- Problem statement: When you reach the line containing "Men Casual Full" in the entries below, start writing out each line exactly, and stop after the line containing "blue_eyes, bow, brown_hair".

"""

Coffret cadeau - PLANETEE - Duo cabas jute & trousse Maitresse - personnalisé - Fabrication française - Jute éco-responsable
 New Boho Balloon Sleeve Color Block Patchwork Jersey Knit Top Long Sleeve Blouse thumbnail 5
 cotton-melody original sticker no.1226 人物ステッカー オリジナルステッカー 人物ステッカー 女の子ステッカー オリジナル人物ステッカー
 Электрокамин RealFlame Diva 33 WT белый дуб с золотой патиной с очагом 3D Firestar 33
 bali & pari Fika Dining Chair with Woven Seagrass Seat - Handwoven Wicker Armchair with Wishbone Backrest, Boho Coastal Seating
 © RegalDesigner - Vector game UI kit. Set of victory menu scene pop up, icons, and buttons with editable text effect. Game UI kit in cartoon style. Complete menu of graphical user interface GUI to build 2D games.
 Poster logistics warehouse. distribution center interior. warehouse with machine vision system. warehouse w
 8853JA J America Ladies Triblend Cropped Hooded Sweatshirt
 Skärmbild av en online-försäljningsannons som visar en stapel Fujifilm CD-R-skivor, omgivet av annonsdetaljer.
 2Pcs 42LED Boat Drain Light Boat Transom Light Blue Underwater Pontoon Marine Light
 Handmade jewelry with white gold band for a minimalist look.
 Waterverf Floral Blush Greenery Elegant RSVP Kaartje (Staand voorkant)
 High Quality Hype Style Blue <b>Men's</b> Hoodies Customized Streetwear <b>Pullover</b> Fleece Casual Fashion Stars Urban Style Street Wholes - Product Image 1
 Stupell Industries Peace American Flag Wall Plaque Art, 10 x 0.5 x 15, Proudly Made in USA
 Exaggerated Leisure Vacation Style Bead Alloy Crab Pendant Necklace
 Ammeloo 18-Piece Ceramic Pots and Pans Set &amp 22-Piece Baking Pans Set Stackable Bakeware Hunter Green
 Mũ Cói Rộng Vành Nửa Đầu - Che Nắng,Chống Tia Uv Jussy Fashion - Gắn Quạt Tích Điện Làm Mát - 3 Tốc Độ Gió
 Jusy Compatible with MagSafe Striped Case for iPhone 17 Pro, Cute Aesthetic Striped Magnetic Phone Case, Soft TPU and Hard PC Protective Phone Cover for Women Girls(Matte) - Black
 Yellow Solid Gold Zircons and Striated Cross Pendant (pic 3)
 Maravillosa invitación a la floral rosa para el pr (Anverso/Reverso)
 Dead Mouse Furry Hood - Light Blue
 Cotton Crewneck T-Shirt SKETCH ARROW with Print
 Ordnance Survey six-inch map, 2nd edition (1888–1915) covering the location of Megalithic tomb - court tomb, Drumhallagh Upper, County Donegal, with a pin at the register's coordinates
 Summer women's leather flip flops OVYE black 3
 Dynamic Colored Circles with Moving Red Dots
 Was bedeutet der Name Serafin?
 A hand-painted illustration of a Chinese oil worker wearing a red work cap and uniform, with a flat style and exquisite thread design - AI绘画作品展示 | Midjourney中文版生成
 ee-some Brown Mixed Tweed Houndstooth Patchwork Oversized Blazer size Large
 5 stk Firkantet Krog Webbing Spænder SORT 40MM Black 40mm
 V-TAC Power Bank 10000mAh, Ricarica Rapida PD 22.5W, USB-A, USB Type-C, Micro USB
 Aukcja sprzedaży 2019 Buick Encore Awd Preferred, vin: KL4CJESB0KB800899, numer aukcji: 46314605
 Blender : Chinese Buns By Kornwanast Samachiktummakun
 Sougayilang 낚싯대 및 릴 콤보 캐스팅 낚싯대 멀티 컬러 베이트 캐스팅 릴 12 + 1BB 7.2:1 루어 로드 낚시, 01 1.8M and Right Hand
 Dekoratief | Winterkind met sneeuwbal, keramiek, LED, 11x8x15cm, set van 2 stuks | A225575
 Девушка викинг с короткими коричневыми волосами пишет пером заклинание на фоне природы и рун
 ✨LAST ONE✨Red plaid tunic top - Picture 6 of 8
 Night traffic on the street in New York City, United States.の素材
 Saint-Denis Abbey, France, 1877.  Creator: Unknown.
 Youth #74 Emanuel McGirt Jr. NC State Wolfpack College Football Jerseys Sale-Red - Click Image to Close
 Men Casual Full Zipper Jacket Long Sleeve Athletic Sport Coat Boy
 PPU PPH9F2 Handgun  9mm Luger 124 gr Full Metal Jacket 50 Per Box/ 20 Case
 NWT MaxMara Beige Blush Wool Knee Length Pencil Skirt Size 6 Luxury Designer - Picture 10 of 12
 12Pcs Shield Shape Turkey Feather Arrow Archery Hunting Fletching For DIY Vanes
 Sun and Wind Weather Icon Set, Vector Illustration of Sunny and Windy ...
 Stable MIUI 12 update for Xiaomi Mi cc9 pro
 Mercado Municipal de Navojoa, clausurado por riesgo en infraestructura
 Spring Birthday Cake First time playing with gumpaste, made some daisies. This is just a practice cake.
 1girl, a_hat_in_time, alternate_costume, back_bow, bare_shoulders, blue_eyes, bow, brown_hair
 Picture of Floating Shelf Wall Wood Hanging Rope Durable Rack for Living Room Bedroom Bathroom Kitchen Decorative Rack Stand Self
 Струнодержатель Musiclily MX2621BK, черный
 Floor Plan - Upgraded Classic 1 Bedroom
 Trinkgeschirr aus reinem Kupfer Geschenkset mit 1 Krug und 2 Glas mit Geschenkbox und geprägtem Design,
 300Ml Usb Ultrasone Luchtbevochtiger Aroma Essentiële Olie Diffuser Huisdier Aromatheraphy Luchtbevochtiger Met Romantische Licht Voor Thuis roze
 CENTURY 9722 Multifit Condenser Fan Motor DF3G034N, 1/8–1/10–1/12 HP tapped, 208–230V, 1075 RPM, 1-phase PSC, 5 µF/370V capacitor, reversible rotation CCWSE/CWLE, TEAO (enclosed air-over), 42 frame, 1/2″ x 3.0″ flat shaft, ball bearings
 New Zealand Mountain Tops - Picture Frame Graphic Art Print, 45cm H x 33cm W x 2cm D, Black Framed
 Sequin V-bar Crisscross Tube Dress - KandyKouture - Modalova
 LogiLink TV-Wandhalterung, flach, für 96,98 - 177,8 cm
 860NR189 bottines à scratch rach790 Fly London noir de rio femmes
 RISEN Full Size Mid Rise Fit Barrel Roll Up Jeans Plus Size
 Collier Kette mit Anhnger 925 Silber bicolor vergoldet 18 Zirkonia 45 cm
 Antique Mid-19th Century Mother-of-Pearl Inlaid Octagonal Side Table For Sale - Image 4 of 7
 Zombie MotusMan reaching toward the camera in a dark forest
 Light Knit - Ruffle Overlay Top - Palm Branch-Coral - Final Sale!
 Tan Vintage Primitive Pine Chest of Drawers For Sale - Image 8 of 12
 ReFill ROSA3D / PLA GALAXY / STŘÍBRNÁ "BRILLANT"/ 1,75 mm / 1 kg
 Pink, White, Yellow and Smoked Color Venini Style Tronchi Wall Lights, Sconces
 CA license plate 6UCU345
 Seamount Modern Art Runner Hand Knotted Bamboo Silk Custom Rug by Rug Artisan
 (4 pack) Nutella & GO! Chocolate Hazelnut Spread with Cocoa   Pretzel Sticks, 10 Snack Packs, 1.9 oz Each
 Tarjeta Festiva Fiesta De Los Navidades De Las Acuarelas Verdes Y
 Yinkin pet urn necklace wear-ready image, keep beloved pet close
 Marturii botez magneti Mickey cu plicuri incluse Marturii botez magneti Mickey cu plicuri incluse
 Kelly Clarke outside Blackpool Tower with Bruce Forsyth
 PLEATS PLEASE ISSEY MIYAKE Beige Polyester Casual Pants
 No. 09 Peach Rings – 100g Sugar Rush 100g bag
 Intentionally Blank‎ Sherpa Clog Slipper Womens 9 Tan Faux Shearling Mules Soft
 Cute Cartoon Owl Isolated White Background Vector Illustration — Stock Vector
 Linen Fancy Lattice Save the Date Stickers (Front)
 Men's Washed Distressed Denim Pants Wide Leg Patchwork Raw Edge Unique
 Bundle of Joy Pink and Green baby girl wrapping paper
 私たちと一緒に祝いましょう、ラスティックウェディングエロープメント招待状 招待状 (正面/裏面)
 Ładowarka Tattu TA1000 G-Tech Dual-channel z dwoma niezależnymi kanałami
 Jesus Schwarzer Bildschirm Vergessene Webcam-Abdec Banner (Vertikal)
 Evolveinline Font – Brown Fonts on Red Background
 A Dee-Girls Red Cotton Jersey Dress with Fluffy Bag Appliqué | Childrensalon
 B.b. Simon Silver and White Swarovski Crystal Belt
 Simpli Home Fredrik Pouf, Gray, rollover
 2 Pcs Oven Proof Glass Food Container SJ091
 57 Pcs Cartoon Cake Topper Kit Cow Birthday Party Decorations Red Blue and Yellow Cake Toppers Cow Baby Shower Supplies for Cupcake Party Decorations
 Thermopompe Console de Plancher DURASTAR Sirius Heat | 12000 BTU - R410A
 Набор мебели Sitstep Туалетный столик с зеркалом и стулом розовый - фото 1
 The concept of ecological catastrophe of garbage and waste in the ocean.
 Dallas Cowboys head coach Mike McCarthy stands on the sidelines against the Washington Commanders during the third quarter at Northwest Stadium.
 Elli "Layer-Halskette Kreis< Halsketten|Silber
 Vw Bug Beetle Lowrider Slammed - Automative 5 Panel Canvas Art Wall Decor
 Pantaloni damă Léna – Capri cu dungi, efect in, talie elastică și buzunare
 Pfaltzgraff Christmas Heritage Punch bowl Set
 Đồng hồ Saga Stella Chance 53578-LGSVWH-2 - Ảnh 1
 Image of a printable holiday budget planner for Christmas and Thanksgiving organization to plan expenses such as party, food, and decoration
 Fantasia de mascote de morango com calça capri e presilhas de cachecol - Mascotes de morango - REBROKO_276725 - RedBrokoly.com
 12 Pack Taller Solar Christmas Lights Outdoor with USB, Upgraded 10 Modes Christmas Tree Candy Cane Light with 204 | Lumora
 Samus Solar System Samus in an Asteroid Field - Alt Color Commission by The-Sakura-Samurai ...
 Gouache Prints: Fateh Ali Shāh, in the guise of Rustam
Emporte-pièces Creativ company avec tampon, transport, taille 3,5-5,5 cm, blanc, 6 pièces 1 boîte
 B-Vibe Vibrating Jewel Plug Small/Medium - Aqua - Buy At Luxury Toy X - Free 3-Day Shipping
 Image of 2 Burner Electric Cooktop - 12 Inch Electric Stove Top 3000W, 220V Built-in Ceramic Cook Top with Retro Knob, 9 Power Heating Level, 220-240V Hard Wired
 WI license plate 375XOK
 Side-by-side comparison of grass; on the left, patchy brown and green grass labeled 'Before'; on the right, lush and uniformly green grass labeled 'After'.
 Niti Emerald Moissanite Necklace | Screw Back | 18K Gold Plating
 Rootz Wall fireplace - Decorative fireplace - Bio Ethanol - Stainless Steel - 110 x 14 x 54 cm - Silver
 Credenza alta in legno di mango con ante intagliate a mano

"""

- Your response:
 Men Casual Full Zipper Jacket Long Sleeve Athletic Sport Coat Boy
 PPU PPH9F2 Handgun  9mm Luger 124 gr Full Metal Jacket 50 Per Box/ 20 Case
 NWT MaxMara Beige Blush Wool Knee Length Pencil Skirt Size 6 Luxury Designer - Picture 10 of 12
 12Pcs Shield Shape Turkey Feather Arrow Archery Hunting Fletching For DIY Vanes
 Sun and Wind Weather Icon Set, Vector Illustration of Sunny and Windy ...
 Stable MIUI 12 update for Xiaomi Mi cc9 pro
 Mercado Municipal de Navojoa, clausurado por riesgo en infraestructura
 Spring Birthday Cake First time playing with gumpaste, made some daisies. This is just a practice cake.
 1girl, a_hat_in_time, alternate_costume, back_bow, bare_shoulders, blue_eyes, bow, brown_hair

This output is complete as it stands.